Shari'a law is established as "the principal source of legislation". Initially, this read "a principal source of legislation", which caused outrage from the Islamist constituency who claimed that the language meant legislators did not need to actually conform to Shari'a. In 1980, the clause was amended to it's current state, and the Supreme Constitutional Court ruled that only laws written after 1980 were able to be challenged on the basis that they did not conform to Islamic principles. Those who advocated for the change hoped that it would lead to the all laws which did not conform to the ulama's interpretation of Shari'a being declared unconstitutional. This did not come to pass, and the clause has instead come to mean laws cannot compel Muslims to go against their faith and must conform to general Islamic principals as laid out by thinkers such as Rashid Rida. [15] [11] [16]

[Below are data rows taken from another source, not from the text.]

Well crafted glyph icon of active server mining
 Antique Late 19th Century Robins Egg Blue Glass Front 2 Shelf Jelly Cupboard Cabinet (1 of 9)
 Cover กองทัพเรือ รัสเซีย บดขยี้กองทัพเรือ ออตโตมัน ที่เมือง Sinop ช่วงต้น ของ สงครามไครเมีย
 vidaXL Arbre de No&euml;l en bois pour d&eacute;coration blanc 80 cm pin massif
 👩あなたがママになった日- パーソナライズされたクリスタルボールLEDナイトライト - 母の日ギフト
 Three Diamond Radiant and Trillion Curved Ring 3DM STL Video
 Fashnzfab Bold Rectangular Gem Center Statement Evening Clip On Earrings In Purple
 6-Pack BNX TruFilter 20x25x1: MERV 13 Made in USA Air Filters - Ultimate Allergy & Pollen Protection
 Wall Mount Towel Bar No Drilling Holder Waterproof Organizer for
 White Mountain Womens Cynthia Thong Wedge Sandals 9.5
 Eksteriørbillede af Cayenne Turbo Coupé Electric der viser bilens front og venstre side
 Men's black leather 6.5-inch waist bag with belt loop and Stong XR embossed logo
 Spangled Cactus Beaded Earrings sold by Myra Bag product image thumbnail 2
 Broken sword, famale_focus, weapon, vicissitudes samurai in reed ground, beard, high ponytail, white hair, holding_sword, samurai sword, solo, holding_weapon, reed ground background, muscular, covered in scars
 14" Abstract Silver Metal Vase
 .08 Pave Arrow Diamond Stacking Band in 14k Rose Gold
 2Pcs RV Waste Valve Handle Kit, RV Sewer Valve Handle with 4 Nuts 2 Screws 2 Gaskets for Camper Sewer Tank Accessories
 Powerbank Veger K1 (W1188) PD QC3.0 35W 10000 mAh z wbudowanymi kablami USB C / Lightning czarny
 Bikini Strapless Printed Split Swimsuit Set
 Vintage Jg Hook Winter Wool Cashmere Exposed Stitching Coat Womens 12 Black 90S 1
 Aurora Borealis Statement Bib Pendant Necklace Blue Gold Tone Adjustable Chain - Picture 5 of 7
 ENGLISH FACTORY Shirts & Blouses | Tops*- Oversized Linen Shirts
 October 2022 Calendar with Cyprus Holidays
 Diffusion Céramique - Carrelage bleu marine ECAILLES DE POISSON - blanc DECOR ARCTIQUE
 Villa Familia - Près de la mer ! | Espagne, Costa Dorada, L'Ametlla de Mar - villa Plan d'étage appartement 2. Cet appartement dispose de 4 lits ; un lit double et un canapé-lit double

The Egyptian Civil Code is the primary source of civil law for Egypt, governing "the areas of personal rights, contracts, obligations, and torts.". [17] The first version of Egyptian Civil Code was written in 1949 containing 1149 articles.
There are "two levels" of litigation (two trials of fact)" with another appellate level in civil litigation in Egypt.
Unlike Saudi Arabia and some other Muslim countries, the Egyptian legal system has no office of hisbah (Islamic religious police force), but it does allows for "hisbah" lawsuits.
The judicial system (or judicial branch) of Egypt is an independent branch of the Egyptian government which includes both secular and religious courts. The Judiciary of Egypt has a general legal system composed of District Courts, Primary Courts, Courts of Appeal, and the Court of Cassation, in order of supremacy. These courts hear most civil and criminal issues, with the Court of Cassation acting as a supreme court for matters within the general system's jurisdiction.
There are also several exceptional courts, such as Family Courts, the Supreme Constitutional Court, Economic Courts, and Administrative Courts. These courts hear only specific matters and were created in order to streamline the legal process. The Supreme Constitutional Court hears matters regarding the constitutionality of laws and regulations, and is not a general court of last resort. It also decides on negative and positive conflicts of jurisdiction.
Two special legal entities also exist, the Egyptian State Lawsuits Authority, and the Public Prosecutors. The Egyptian State Lawsuits Authority represents the Arab Republic of Egypt in all international courts and tribunals. It has the authority to plead on Egypt's behalf, and is involved in cases regarding State owned entities. The Public Prosecutor system is based on the french Parquet system, and Public Prosecutors are responsible for taking part in both the investigation and prosecution of crimes. [1] [3]
The criminal code listed three main categories of crime: contraventions (minor offenses), misdemeanors (offenses punishable by imprisonment or fines), and felonies (offenses punishable by penal servitude or death).